O projeto também foi pensado para ser o mais sustentável possível. “Pense no nosso alambique como um porco, em que tudo é aproveitado, do focinho ao rabo”, diz. De acordo com Célia, com um canavial orgânico, sem defensivos agrícolas e químicos, pelo menos 97% do que não é usado da cana-de-açúcar (o bagaço, por exemplo) é revertido em fertilizantes, energia e até combustível para os veículos da destilaria.
Quanto ao blend de Alzira, pelo histórico gastronômico de seus fundadores, foi natural que eles buscassem um destilado com sabores e aromas marcantes, que harmonizassem bem com criações culinárias – especialmente no verão. Para chegar ao resultado, o casal contou com a ajuda da cientista de alimentos Aline Bortoletto, de 34 anos. Pós-doutora pela ESALQ (Escola Superior de Agricultura da USP) e especializada na produção de bebidas alcoólicas pela Université de Bourgogne e AGROSUP Dijon, ambas na França, Aline tem 12 anos de experiência com pesquisa inovadora e consultoria na área.
À frente da Inovbev, sua empresa de ciência e tecnologia em bebidas, a especialista ministra cursos e supervisiona o desenvolvimento de um perfil sensorial para destilados – de marcas independentes, especialmente as premium como a Alzira, até linhas especial de grandes corporações, a exemplo da Cachaça 51. Na destilaria de Célia e Gustavo, Aline atua na posição de master blender, cargo responsável por criar e definir o conceito de novos produtos, com decisões que vão desde o tipo de madeiras usadas até as tostas do barril, o tempo de envelhecimento e a concentração alcoólica da bebida.

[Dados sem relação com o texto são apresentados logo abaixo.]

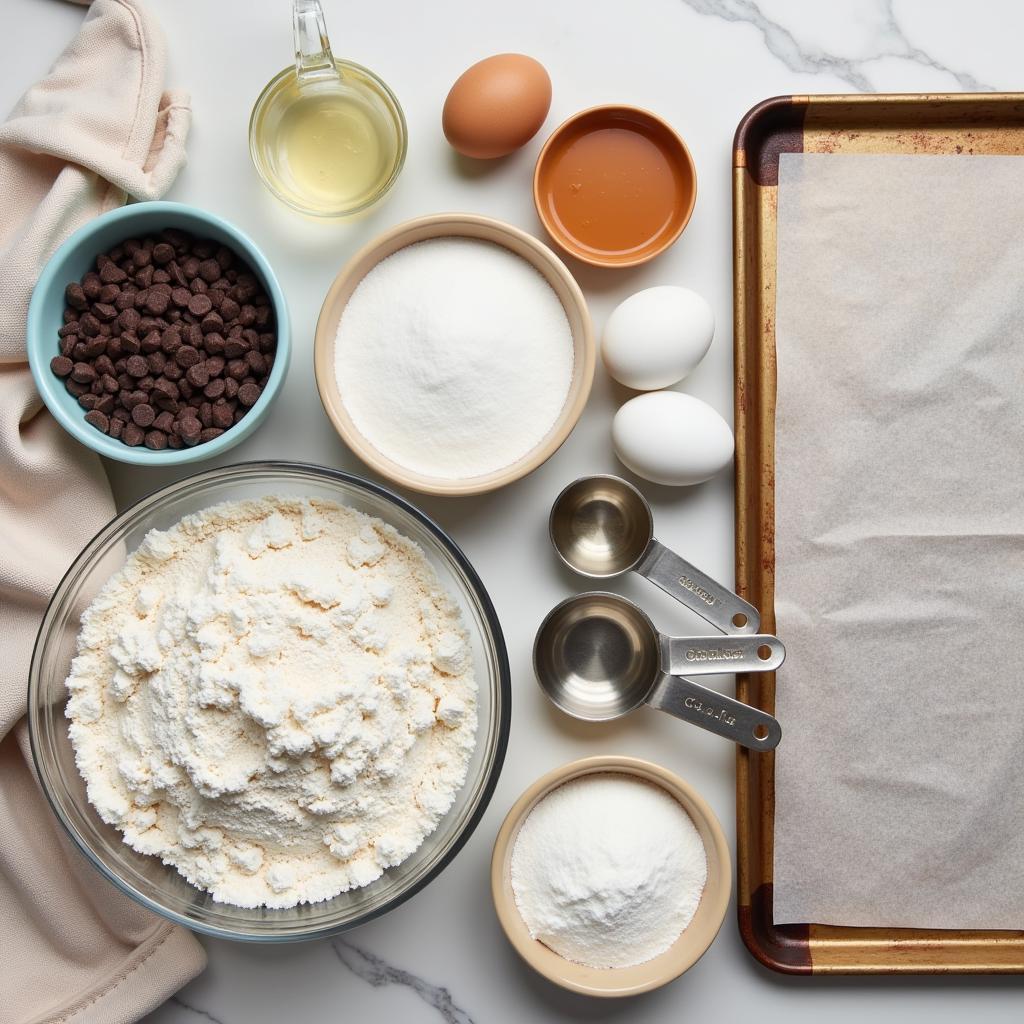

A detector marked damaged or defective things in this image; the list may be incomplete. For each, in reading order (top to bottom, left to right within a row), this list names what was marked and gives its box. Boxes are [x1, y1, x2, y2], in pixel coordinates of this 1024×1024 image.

Para a Alzira, duas madeiras bem brasileiras foram eleitas as protagonistas: a amburana e o jequitibá – o equilíbrio entre um perfil mais forte e adocicado com outro mais suave. “A figura do master blender guarda segredos da formulação”, explica a pesquisadora. “Ele sabe as porcentagens de tudo, as misturas, as madeiras escolhidas. E são escolhas que trazem uma complexidade para a bebida, com novos aromas, cheiros e até cores. A ideia é que o consumidor beba e perceba que nunca provou nada parecido.”